Task item: The answer should hold only the lines from the one containing "A Man With Glasses" through the one containing "A woman modeling" in the entries below, copied exactly, without pictures.

Data shown:

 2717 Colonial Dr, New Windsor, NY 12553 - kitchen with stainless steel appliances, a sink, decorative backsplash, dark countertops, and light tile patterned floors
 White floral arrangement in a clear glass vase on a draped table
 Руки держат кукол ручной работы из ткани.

--

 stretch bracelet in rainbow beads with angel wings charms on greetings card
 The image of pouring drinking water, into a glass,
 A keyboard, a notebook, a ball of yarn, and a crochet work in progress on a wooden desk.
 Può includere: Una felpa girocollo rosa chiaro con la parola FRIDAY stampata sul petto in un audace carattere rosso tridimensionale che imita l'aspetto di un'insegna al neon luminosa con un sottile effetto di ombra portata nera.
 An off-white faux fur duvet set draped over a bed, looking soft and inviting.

---

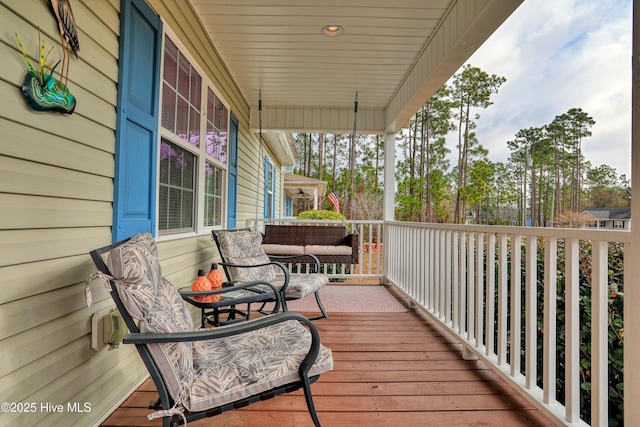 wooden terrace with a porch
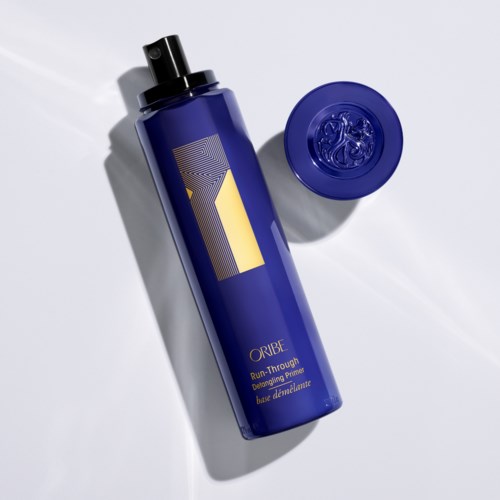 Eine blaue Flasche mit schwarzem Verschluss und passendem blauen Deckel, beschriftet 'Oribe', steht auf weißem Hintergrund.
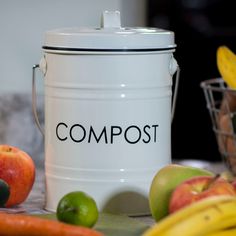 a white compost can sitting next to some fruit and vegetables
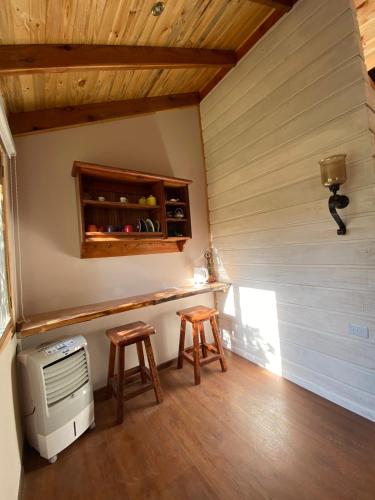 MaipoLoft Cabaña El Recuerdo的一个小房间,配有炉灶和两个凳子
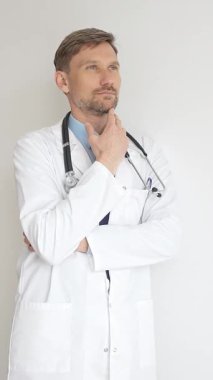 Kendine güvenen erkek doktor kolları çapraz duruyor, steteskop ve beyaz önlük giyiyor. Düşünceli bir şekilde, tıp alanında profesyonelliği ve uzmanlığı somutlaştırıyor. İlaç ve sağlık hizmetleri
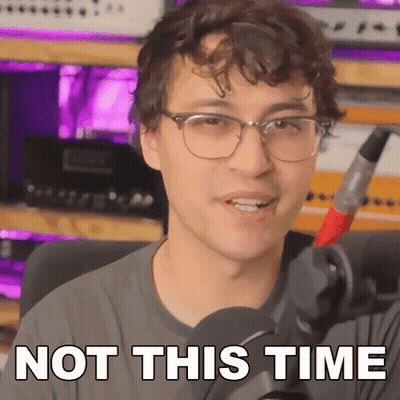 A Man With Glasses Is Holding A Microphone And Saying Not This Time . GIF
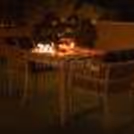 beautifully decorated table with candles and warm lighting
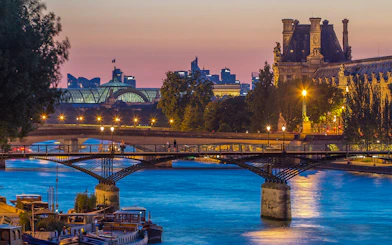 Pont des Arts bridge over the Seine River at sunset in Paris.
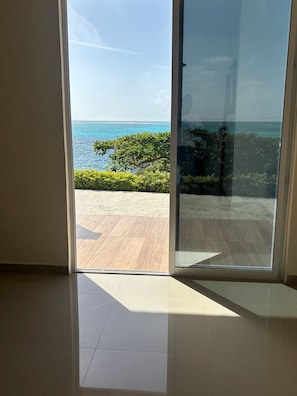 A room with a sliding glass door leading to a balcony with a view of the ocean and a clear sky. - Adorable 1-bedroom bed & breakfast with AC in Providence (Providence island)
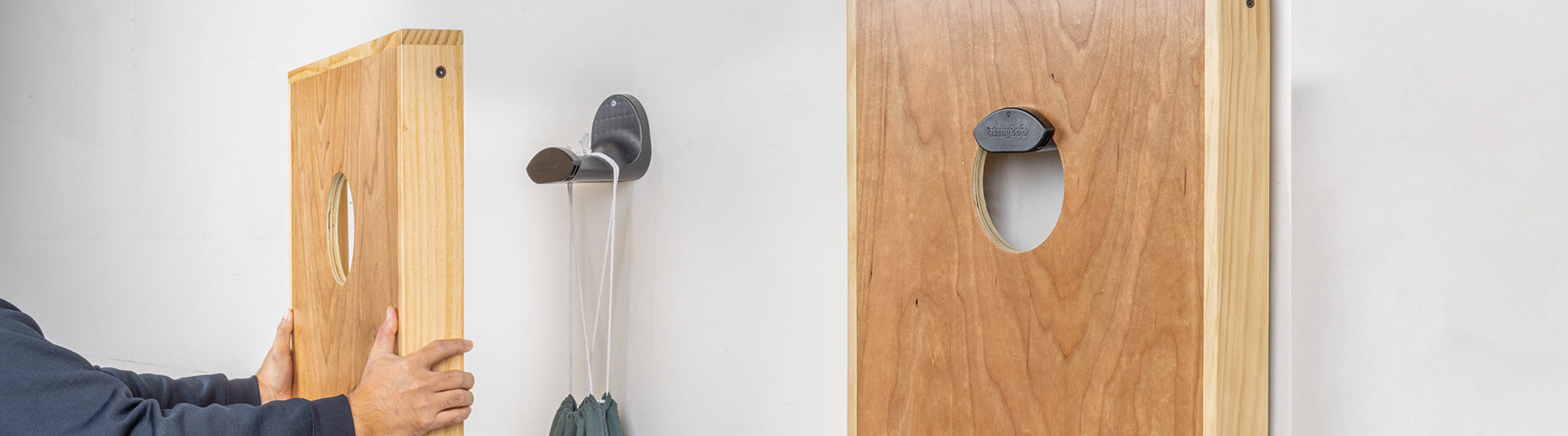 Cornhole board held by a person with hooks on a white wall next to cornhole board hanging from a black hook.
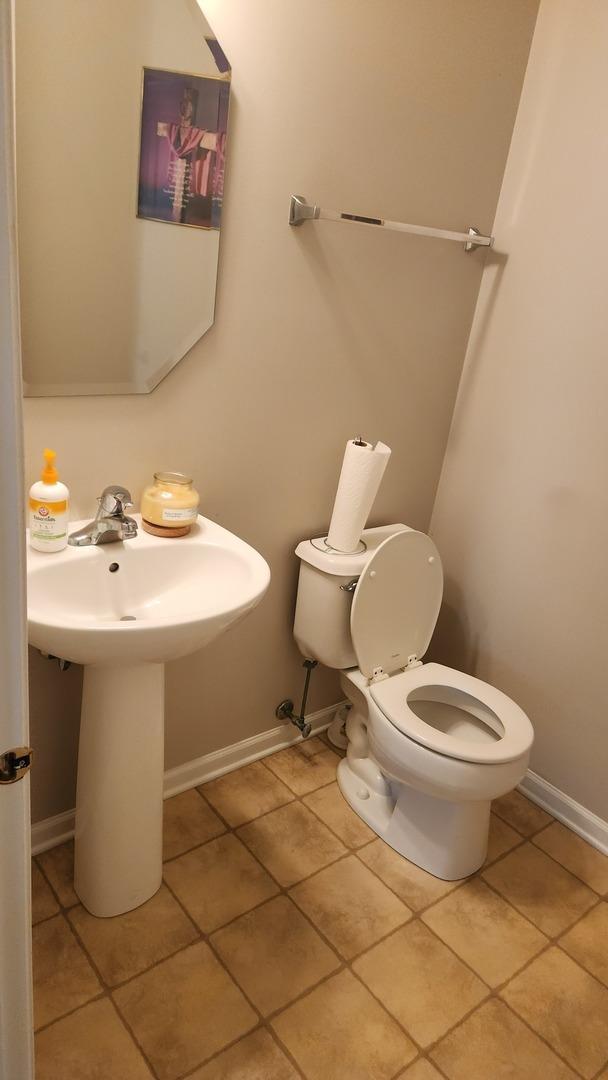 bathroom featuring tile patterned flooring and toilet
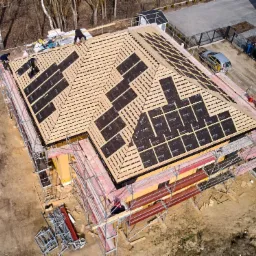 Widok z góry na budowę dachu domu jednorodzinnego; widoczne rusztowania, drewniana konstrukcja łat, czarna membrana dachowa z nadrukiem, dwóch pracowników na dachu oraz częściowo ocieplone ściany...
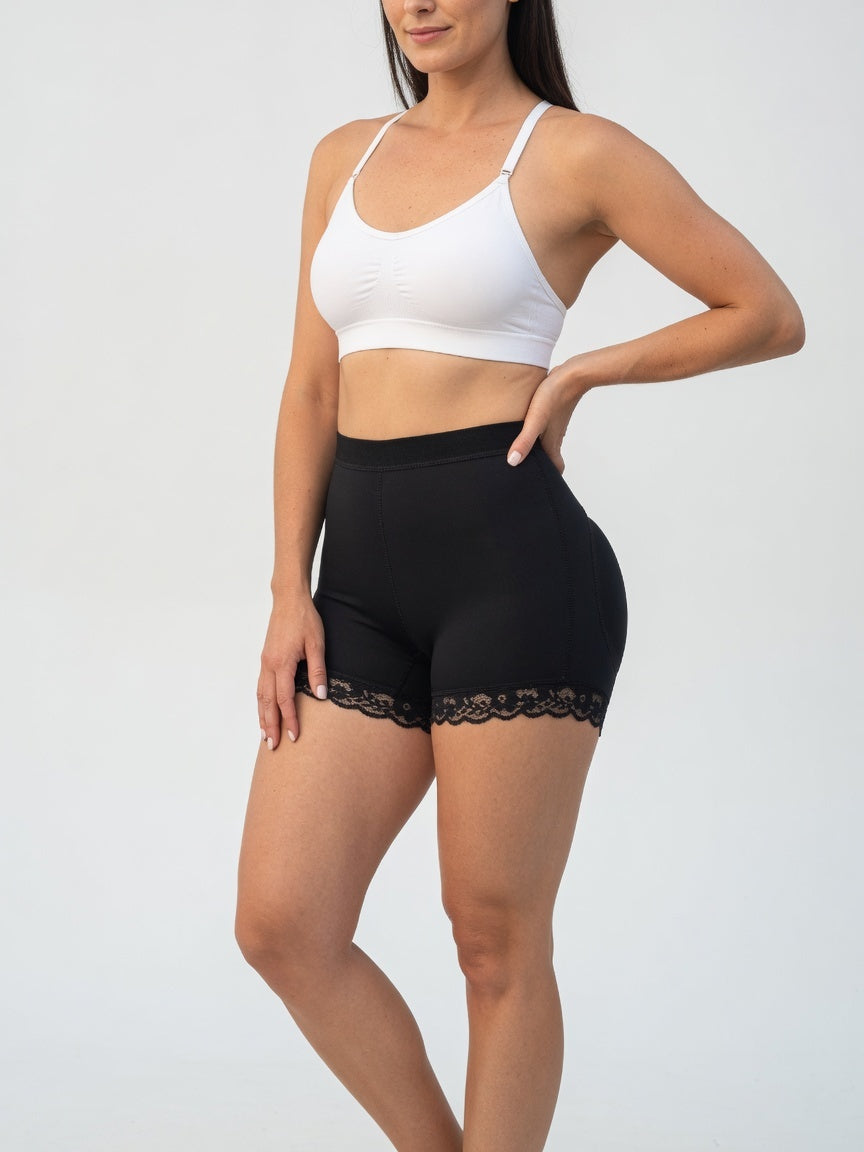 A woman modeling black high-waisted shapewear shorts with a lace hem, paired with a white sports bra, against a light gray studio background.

Problem solution:
 A Man With Glasses Is Holding A Microphone And Saying Not This Time . GIF
 beautifully decorated table with candles and warm lighting
 Pont des Arts bridge over the Seine River at sunset in Paris.
 A room with a sliding glass door leading to a balcony with a view of the ocean and a clear sky. - Adorable 1-bedroom bed & breakfast with AC in Providence (Providence island)
 Cornhole board held by a person with hooks on a white wall next to cornhole board hanging from a black hook.
 bathroom featuring tile patterned flooring and toilet
 Widok z góry na budowę dachu domu jednorodzinnego; widoczne rusztowania, drewniana konstrukcja łat, czarna membrana dachowa z nadrukiem, dwóch pracowników na dachu oraz częściowo ocieplone ściany...
 A woman modeling black high-waisted shapewear shorts with a lace hem, paired with a white sports bra, against a light gray studio background.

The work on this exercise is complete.